■ Task to complete ■
From the line below containing "Andrew Warnes (East" to the final line, print each line exactly as written. No pictures belong in the copy.

*** Opening Provided material ***

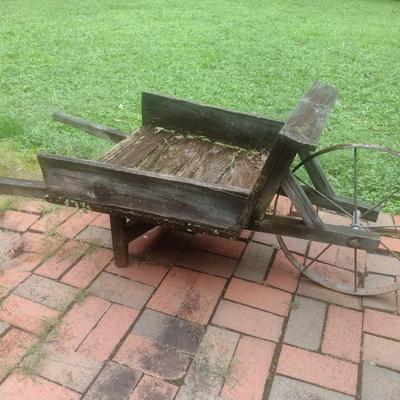 Vintage Flatbed Steel Wheeled Wheelbarrow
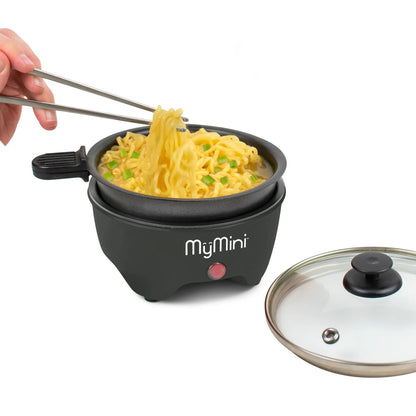 MyMini 5-inch Noodle Cooker & Skillet Electric Hot Pot, Compact Non-Stick Appliance for Ramen, Pasta, Stir Fry, Eggs, Pancakes, Dorms, RVs, Portable with Cool-Touch Handle & Preheat Indicator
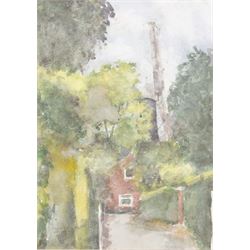 Andrew Warnes (East Riding 20th Century): 'Skidby Windmill' 'Burton Agnes Church' 'River Derwent' and another, set of four watercolours signed, mostly titled verso max 35cm x 25cm (4)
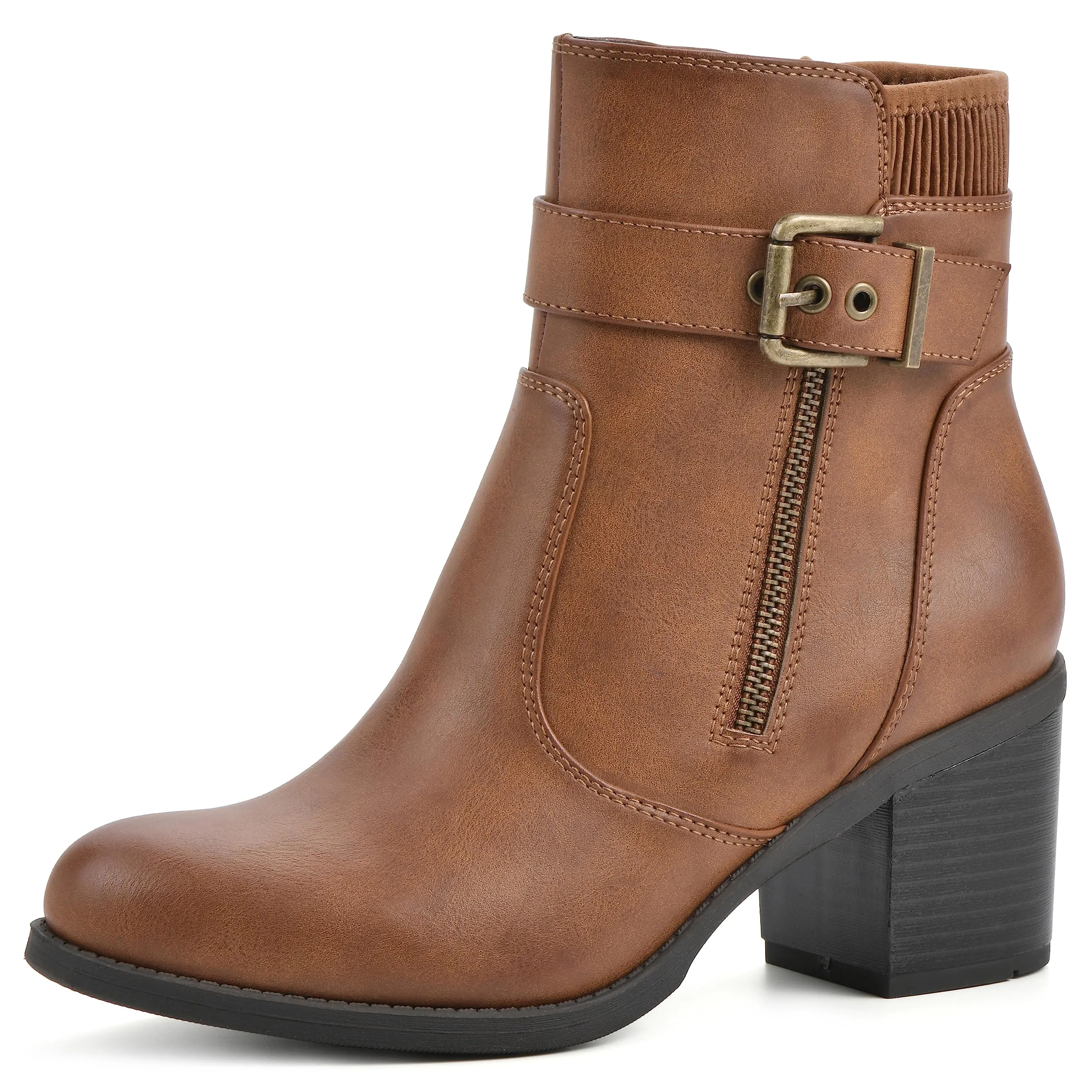 WHITE MOUNTAIN Women's Shoes Dessert Block Heel Bootie, Dk.Tan/Smooth, 9 M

*** Closing Provided material ***

■ Written answer ■
 Andrew Warnes (East Riding 20th Century): 'Skidby Windmill' 'Burton Agnes Church' 'River Derwent' and another, set of four watercolours signed, mostly titled verso max 35cm x 25cm (4)
 WHITE MOUNTAIN Women's Shoes Dessert Block Heel Bootie, Dk.Tan/Smooth, 9 M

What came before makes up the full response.